The ruling did more than put his leadership into question, as it also mobilized voting rights organizers to act. Before long, a group called Floridians for a Fair Democracy was able to collect 1.1 million signatures in order to ensure that Amendment 4 would be on the November ballot. The measure would then receive endorsements from opposite ends of the political spectrum, with both the American Civil Liberties Union and the conservative Koch brothers-funded Freedom Partners showing their support.

Exempt from the ability to benefit from applications for restoration of the right to vote, under Amendment 4, will be certain kinds of extreme offenders, including those with murder and felony sex crime convictions.

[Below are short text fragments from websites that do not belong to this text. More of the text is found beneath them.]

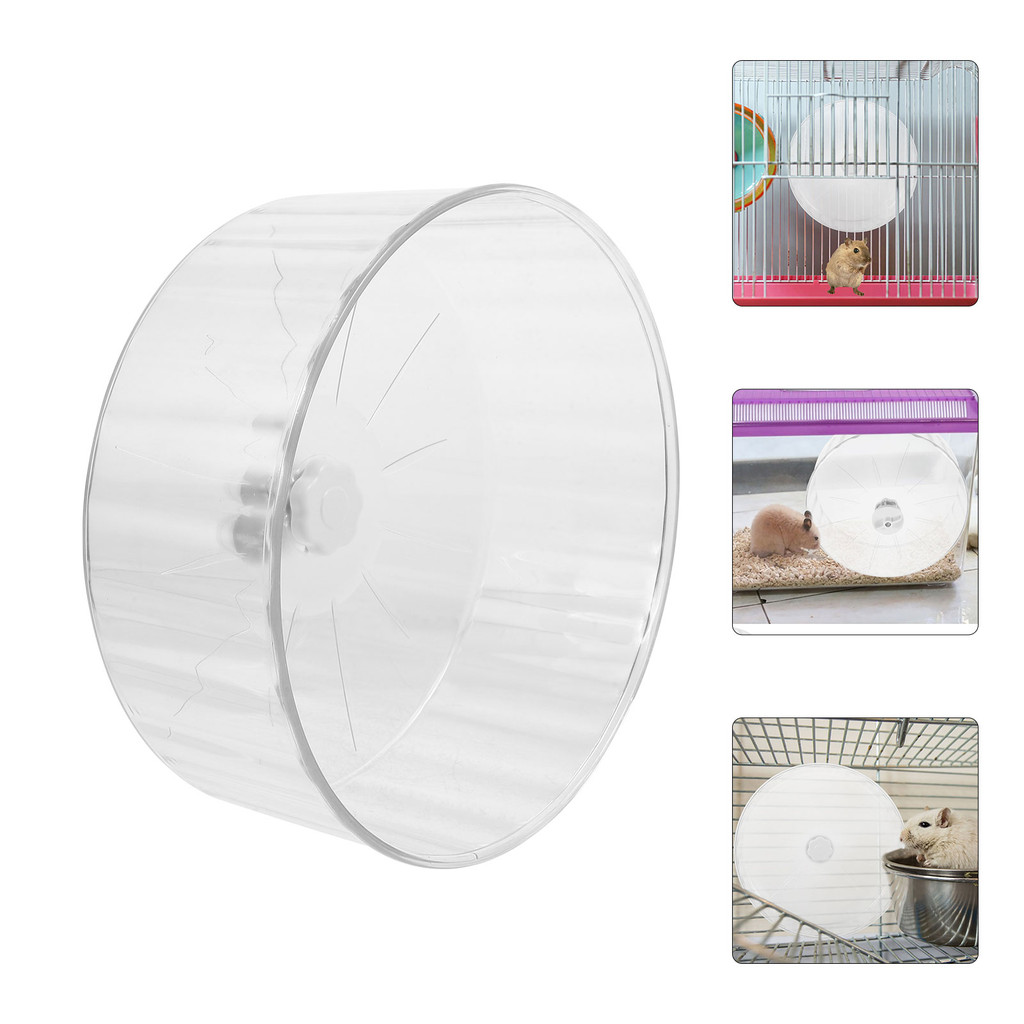 Hamster Running Wheel Guinea Pig Toys Small Animal Exerciser Silent Rat Hedgehog Crystal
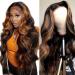 Highlight Ombre Body Wave Lace Front Wig Human Hair 13x4x1 Balayage FB30 Blonde Colored Human Hair Wigs for Women Lace Frontal Wigs 150% Density Pre Plucked (24 inch) 24 Inch Highlight ombre 13x1 lace front wig body wave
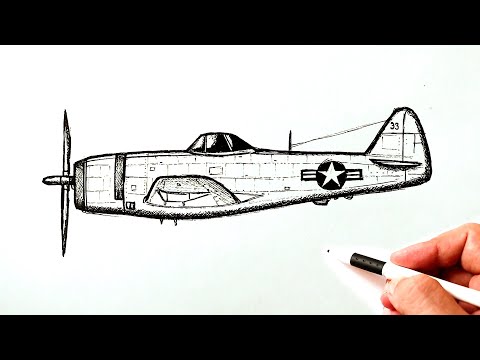 How to draw a WW2 fighter plane P-47 Thunderbolt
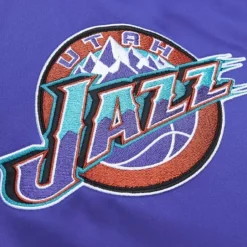 Men Mitchell & Ness Jackets & Outerwear-Heavyweight Satin Jacket Utah Jazz
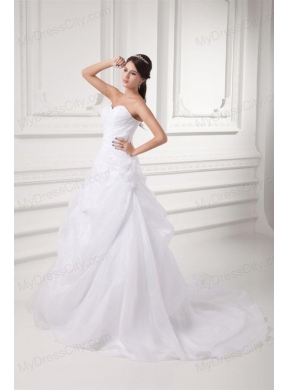 Court Train Elegant A-line Sweetheart Wedding Dress with Pick-ups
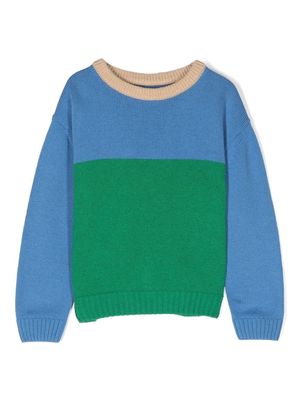 There Was One Kids colour-block crew-neck jumper - Green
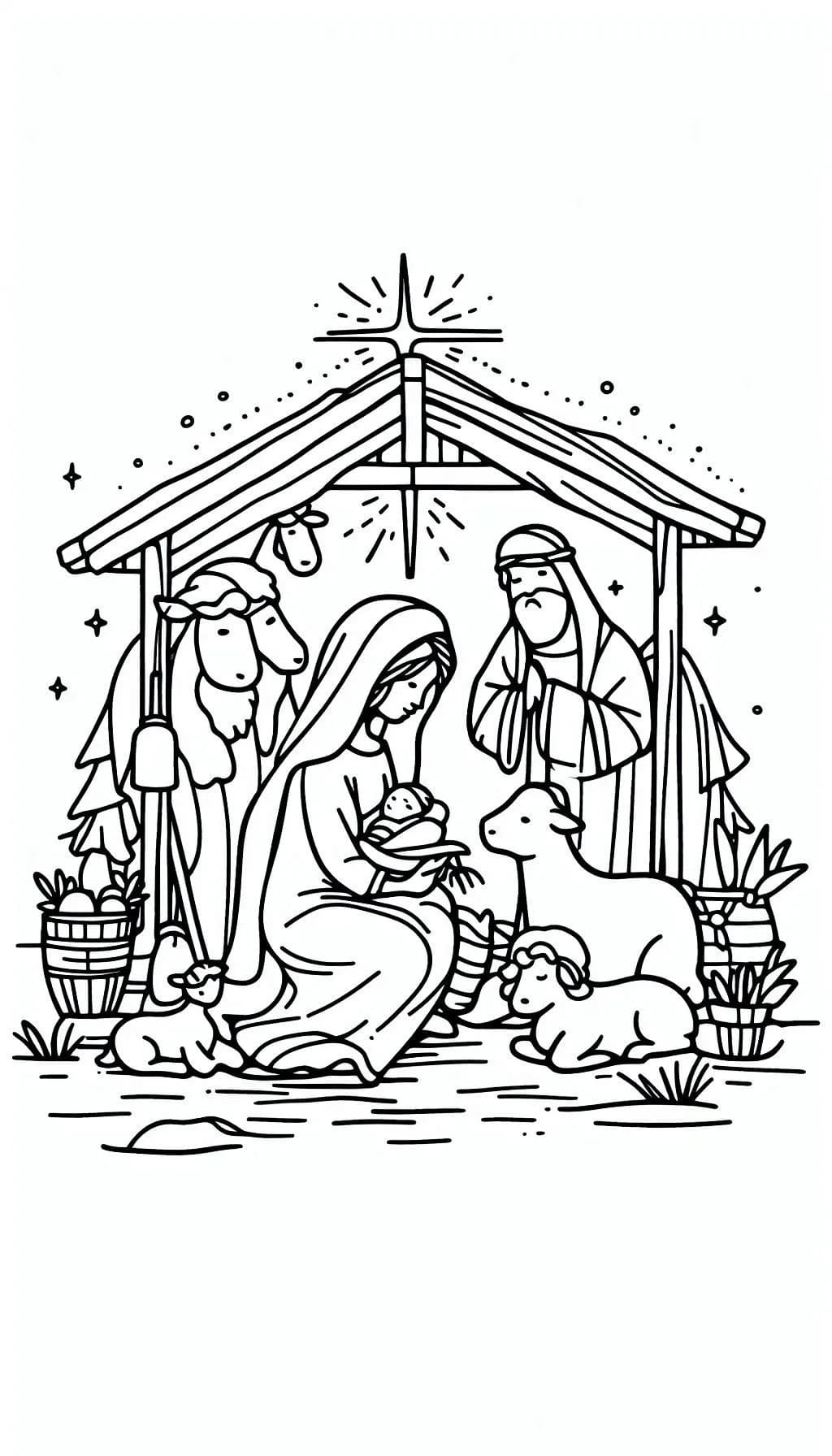 Zeichne Weihnachtskrippe kostenlos druckbare schlicht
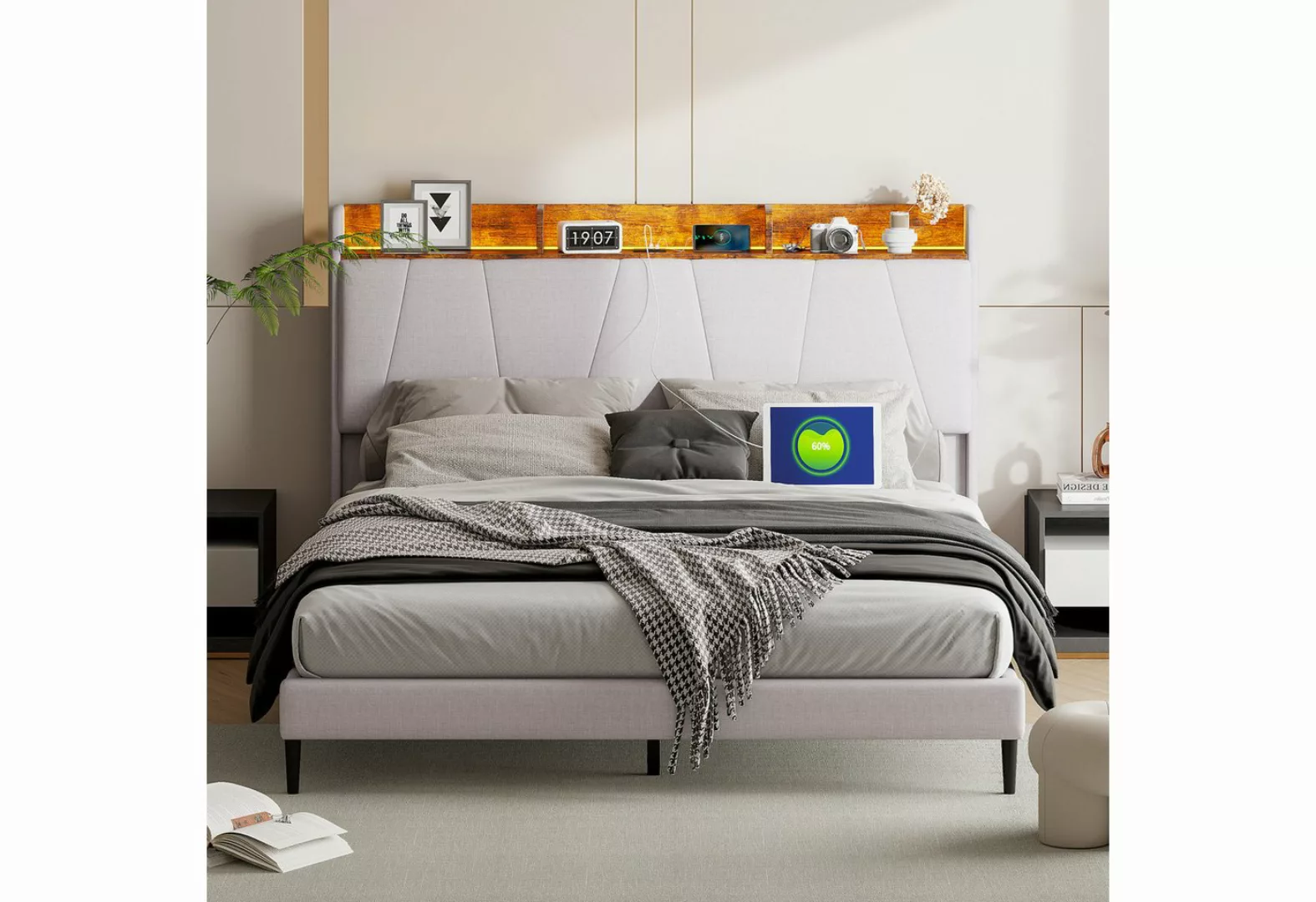 LuxeLiving Polsterbett LED Doppelbett, Stauraumbett, mit 2 USB-Laden und St günstig online kaufen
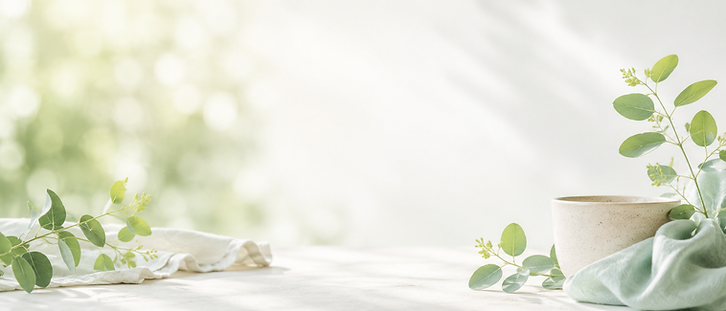 Light and airy wellness banner with green eucalyptus leaves, a ceramic cup, and soft natural light on a white background.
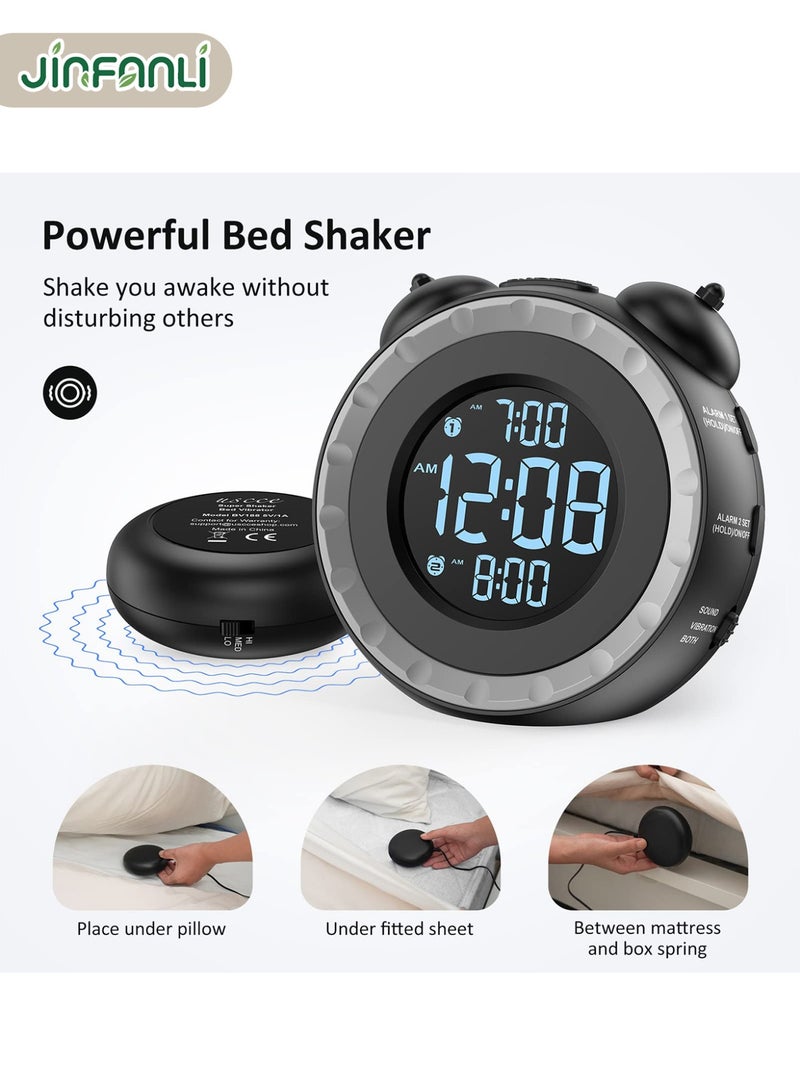 جين فان ل أنا ساعة منبه مزدوجة عالية الصوت مع هزاز للسرير - تعتيم 0-100%، منبه اهتزازي لمن ينامون بعمق أو ضعاف السمع، إعداد سهل، منفذ شحن USB، وظيفة الغفوة، بطارية احتياطية - Image 2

The results of the 2018 midterm election results on the bill have shown that such exemptions, coupled with a growing call for criminal justice reform, could make for a perfect bipartisan storm in spite of the divided politics of the day. The results, which come in an election year that has seen Democrats running neck and neck with Republicans in the state, might also be indicative of the potential for the political map to change, as many analysts believe most felons who go through with the process of restoration will be putting their numbers on the side of the blue party.